The poll found 51 percent of voters support marijuana legalization, while 44 percent oppose it. Two thirds of voters under age 30, and 59 percent of men, favor legalization, while 52 percent of women oppose it. Those over the age of 65 were mostly in opposition, with just 35 percent supporting legalization.
This is the first national Quinnipiac poll on marijuana, making it difficult to measure any change in opinion. Other recent polling, however, suggests that attitudes toward its use have become increasingly permissive over the past years, with legalization starting to amass majority support.
Voters have also come closer to accepting gay marriage, although it remains a divisive issue, according to Quinnipiac. Voters were almost evenly split, with 48 percent supporting same sex marriage and 46 percent opposing it. That represents a significant change from just four years ago, when a July 2008 Quinnipiac poll found it was opposed 36 to 55.

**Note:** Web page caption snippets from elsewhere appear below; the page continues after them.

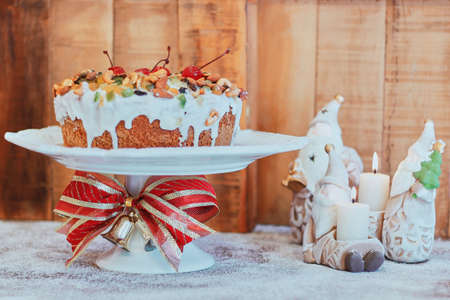 A closeup shot of a delicious fruitcake with white cream ion a Christmas table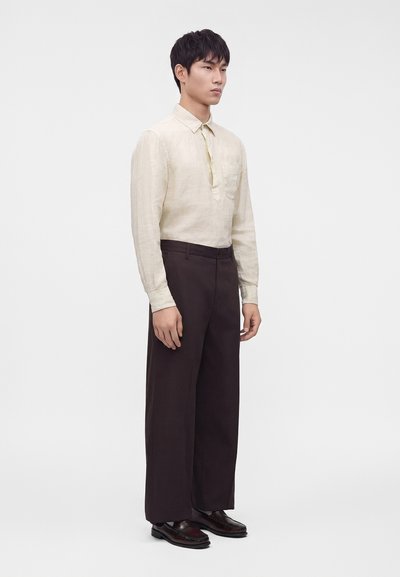Άνδρας στέκεται φορώντας κρεμ πουκάμισο μακρυμάνικο, σκούρο φαρδύ παντελόνι και σκούρα επίσημα παπούτσια σε απλό ανοιχτό φόντο.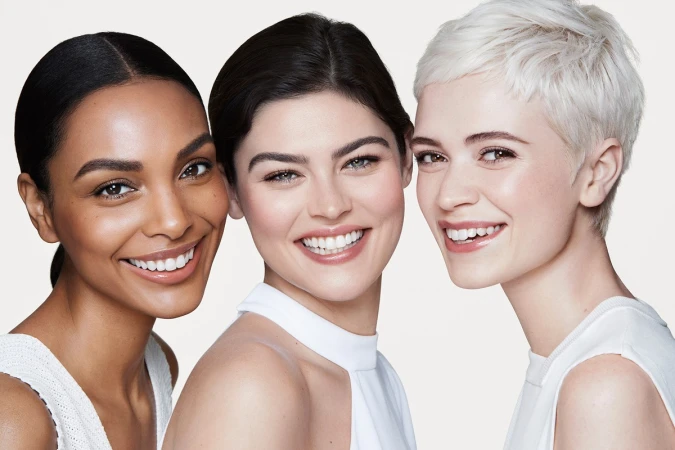 Close-up portrait of three smiling diverse female models with natural makeup against a plain white background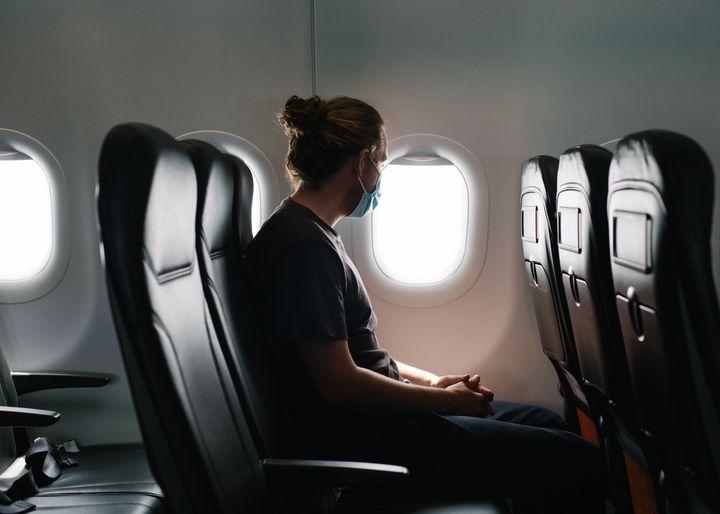 Experts share how to manage your fears or anxiety around flying and the signs it's worth talking to a therapist. 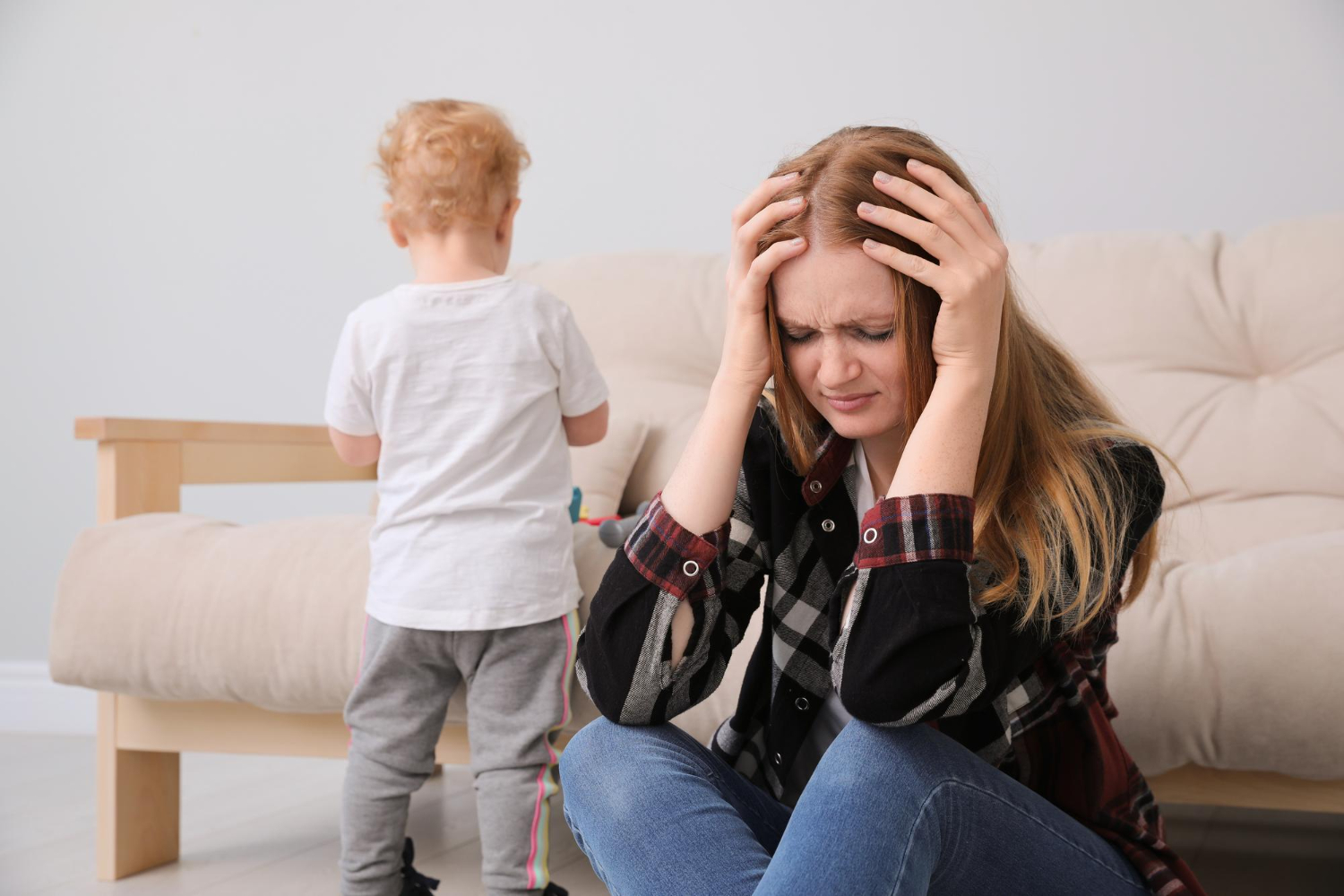 Parent sitting on the floor looking stressed while a young child stands nearby.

The poll also found that 57 percent of voters think undocumented immigrants should be allowed to stay and seek citizenship. Seven in 10 expressed support for President Barack Obama's plan to help young undocumented immigrants who were brought into the country as children avoid deportation. The plan earned a majority of support among Republicans as well as Democrats and independents.
The Quinnipiac poll surveyed 1,949 registered voters by phone between Nov. 28 and Dec. 3, with a 2.2 percent margin of error.